Reproduce exactly the lines below from the one containing "Декоративные изделия из" through the one containing "Luca Grossi Lace-up", including both, and nothing else.

(Collection entries)
------------------------------------------------

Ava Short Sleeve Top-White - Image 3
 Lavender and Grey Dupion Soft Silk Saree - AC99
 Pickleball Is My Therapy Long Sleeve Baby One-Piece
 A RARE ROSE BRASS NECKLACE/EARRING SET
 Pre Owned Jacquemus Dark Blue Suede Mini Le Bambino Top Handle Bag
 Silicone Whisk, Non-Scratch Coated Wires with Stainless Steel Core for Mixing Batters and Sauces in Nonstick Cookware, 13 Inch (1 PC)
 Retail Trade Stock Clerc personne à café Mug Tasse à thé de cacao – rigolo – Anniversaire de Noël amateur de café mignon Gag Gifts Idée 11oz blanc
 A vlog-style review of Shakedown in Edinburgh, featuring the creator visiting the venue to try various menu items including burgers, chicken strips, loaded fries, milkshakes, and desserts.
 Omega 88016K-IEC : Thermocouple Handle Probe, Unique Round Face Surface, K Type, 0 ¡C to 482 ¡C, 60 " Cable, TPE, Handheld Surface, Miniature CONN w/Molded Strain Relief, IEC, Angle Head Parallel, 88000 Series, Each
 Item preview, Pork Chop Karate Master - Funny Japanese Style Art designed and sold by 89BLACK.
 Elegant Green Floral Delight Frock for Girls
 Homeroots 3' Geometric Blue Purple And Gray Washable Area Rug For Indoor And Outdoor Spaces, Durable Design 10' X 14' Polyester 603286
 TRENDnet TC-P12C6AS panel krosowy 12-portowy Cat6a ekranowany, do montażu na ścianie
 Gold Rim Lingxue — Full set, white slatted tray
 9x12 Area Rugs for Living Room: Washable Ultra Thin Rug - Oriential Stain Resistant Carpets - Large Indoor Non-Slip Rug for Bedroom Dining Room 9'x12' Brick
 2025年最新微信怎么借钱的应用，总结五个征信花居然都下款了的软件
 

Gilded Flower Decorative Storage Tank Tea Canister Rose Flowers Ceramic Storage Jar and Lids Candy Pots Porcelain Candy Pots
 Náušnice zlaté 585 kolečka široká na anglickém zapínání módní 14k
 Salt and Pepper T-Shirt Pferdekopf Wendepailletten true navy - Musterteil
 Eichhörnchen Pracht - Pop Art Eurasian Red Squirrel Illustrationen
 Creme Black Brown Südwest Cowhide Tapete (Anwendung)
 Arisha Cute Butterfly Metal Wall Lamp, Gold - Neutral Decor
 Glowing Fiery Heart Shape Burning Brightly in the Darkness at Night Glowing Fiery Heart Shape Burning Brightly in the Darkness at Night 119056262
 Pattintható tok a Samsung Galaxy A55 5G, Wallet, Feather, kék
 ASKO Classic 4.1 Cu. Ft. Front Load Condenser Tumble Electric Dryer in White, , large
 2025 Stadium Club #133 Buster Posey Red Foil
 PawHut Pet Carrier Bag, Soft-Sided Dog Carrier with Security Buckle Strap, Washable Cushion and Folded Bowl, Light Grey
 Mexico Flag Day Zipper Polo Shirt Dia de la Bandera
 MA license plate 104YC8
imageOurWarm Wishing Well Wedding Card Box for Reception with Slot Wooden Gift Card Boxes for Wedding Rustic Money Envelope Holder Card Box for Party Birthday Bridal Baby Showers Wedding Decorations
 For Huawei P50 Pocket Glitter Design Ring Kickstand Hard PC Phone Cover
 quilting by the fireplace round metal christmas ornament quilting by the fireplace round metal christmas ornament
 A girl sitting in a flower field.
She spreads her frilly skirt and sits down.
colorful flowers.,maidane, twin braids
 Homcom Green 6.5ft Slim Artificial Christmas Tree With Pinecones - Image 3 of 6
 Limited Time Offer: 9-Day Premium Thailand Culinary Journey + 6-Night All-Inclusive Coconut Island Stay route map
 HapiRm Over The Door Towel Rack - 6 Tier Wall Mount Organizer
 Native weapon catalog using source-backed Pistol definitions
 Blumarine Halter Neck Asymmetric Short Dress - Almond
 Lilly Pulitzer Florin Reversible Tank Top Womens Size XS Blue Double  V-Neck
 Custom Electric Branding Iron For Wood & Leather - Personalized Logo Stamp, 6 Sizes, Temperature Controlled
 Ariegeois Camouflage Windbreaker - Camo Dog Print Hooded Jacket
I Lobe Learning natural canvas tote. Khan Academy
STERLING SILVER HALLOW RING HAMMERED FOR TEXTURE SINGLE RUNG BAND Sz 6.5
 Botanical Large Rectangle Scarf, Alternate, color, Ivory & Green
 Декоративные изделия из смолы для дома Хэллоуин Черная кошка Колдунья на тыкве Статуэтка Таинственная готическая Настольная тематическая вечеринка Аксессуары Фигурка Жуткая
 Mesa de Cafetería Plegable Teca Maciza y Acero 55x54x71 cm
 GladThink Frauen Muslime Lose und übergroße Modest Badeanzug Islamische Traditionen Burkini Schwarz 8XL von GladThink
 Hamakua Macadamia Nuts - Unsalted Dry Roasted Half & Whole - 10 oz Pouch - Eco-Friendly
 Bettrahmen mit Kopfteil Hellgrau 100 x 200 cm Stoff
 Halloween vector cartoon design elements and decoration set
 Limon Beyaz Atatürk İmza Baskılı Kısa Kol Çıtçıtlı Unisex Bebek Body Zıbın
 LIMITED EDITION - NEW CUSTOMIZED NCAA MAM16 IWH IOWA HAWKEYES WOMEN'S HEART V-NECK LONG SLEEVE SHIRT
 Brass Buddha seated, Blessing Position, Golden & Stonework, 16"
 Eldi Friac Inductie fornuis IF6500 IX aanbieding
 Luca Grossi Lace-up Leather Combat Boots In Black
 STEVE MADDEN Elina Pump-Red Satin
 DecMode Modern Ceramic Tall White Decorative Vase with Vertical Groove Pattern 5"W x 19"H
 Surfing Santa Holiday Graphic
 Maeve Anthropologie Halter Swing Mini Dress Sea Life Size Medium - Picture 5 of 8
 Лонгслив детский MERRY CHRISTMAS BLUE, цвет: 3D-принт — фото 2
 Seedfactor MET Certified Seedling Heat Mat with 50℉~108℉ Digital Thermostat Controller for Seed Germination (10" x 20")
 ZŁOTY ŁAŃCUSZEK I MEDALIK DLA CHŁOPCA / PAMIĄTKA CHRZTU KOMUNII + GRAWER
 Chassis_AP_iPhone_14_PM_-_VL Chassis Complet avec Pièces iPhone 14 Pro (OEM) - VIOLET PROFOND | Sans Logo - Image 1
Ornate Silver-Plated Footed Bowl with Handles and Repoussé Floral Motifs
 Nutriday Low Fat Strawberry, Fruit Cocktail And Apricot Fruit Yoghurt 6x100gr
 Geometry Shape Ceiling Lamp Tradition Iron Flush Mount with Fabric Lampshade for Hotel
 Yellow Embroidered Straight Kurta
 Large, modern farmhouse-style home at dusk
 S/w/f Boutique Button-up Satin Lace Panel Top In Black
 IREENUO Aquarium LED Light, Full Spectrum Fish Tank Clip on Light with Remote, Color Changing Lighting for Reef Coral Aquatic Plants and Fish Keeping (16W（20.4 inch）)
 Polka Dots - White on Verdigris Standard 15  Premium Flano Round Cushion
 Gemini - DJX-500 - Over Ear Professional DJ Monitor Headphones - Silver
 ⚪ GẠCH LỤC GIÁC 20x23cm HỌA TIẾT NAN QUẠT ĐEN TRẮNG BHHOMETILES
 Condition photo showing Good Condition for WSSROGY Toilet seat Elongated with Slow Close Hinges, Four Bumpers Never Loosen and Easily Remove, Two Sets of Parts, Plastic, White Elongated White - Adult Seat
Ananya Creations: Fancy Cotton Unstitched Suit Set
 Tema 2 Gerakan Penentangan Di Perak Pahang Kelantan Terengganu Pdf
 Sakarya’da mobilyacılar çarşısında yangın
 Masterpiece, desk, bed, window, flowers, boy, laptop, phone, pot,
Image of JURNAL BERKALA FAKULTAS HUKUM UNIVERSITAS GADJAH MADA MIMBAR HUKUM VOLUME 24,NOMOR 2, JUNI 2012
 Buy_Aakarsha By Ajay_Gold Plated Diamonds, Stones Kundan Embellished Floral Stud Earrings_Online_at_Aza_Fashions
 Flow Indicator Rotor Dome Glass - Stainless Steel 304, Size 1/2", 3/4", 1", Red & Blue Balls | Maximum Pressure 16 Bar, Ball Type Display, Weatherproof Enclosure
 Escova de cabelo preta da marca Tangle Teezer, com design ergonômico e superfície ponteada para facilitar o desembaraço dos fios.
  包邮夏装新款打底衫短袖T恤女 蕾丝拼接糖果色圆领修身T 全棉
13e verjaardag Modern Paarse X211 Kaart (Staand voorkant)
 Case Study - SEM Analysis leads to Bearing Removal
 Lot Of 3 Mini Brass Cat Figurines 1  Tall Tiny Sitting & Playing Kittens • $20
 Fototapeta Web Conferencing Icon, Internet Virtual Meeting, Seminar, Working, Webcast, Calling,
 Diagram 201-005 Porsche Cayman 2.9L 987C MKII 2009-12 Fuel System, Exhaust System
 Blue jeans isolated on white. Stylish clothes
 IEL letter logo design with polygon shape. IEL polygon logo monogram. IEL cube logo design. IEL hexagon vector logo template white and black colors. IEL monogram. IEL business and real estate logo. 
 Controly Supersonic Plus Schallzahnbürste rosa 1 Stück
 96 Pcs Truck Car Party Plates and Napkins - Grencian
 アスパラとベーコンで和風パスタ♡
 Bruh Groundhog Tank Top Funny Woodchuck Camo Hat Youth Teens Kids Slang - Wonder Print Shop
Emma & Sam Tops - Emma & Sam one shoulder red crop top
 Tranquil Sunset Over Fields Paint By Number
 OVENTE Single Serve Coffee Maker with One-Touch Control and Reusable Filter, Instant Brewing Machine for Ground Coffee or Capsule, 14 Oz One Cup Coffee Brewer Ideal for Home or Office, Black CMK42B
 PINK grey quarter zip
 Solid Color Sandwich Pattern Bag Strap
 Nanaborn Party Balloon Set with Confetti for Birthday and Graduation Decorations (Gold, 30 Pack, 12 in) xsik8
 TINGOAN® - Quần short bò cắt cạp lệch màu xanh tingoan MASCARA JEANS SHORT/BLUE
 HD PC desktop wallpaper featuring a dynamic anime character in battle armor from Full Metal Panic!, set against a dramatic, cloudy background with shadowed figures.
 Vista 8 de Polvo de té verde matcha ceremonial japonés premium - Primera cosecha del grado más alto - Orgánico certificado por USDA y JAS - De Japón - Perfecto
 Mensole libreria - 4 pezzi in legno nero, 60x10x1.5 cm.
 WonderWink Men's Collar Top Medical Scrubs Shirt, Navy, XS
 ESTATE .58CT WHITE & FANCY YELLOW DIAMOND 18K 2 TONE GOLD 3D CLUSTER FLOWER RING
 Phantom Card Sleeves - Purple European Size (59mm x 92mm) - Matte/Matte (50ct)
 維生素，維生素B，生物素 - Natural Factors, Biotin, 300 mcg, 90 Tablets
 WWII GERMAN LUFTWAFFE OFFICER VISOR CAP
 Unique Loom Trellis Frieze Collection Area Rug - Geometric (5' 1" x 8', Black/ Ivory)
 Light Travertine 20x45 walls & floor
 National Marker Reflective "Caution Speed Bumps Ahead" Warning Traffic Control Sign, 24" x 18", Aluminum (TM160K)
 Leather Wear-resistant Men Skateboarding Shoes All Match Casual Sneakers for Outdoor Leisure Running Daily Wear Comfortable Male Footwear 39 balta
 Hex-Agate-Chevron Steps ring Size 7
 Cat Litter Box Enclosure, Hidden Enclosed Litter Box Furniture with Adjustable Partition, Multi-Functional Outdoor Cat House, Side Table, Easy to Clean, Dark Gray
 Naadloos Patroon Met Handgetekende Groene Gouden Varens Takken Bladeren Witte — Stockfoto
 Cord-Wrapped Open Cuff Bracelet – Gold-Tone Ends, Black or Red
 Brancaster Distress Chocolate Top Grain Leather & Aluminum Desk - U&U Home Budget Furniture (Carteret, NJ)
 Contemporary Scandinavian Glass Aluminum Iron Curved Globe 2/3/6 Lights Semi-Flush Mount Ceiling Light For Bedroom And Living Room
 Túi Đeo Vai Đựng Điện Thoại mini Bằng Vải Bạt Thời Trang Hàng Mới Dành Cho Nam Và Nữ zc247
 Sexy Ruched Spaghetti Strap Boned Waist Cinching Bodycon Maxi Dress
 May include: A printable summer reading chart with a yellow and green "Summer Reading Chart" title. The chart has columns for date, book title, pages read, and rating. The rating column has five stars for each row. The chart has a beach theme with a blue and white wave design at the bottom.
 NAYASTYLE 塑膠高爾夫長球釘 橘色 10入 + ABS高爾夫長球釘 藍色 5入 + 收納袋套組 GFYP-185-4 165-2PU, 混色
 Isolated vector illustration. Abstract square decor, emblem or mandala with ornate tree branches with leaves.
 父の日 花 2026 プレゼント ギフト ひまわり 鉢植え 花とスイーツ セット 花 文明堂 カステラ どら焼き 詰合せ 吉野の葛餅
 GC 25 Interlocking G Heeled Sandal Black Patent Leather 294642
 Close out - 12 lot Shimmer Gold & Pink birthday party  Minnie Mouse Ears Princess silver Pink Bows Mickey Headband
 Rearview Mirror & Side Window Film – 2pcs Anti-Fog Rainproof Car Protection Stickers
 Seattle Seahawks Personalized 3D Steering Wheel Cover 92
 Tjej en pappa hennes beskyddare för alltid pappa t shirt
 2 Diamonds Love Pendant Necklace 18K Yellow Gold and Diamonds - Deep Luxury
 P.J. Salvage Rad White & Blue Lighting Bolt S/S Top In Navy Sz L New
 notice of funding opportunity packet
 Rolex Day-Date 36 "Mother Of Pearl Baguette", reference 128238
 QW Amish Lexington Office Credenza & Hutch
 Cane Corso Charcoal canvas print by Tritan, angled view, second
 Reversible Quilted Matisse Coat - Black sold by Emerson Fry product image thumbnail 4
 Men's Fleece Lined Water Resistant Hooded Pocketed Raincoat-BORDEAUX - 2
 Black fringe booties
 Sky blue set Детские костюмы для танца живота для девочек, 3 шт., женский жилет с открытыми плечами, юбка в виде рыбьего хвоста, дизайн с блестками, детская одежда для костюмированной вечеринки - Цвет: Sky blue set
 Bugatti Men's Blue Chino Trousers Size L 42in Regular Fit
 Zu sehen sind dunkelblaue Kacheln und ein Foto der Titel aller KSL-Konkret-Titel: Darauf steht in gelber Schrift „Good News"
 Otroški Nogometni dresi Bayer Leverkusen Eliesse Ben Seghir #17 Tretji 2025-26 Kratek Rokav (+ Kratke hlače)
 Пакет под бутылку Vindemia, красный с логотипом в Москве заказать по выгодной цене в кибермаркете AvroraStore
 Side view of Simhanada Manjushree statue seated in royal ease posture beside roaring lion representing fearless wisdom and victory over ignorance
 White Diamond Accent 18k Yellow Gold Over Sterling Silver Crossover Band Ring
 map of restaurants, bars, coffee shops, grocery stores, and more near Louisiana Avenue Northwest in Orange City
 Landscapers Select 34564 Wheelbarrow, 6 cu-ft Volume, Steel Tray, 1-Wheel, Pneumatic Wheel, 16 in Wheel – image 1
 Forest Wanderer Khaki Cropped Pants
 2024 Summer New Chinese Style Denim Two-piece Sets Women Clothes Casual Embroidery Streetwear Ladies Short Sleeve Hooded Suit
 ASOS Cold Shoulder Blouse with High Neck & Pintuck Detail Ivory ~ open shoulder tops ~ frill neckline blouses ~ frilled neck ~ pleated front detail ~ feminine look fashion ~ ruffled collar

------------------------------------------------

**ANSWER TO THIS PROBLEM**
 Декоративные изделия из смолы для дома Хэллоуин Черная кошка Колдунья на тыкве Статуэтка Таинственная готическая Настольная тематическая вечеринка Аксессуары Фигурка Жуткая
 Mesa de Cafetería Plegable Teca Maciza y Acero 55x54x71 cm
 GladThink Frauen Muslime Lose und übergroße Modest Badeanzug Islamische Traditionen Burkini Schwarz 8XL von GladThink
 Hamakua Macadamia Nuts - Unsalted Dry Roasted Half & Whole - 10 oz Pouch - Eco-Friendly
 Bettrahmen mit Kopfteil Hellgrau 100 x 200 cm Stoff
 Halloween vector cartoon design elements and decoration set
 Limon Beyaz Atatürk İmza Baskılı Kısa Kol Çıtçıtlı Unisex Bebek Body Zıbın
 LIMITED EDITION - NEW CUSTOMIZED NCAA MAM16 IWH IOWA HAWKEYES WOMEN'S HEART V-NECK LONG SLEEVE SHIRT
 Brass Buddha seated, Blessing Position, Golden & Stonework, 16"
 Eldi Friac Inductie fornuis IF6500 IX aanbieding
 Luca Grossi Lace-up Leather Combat Boots In Black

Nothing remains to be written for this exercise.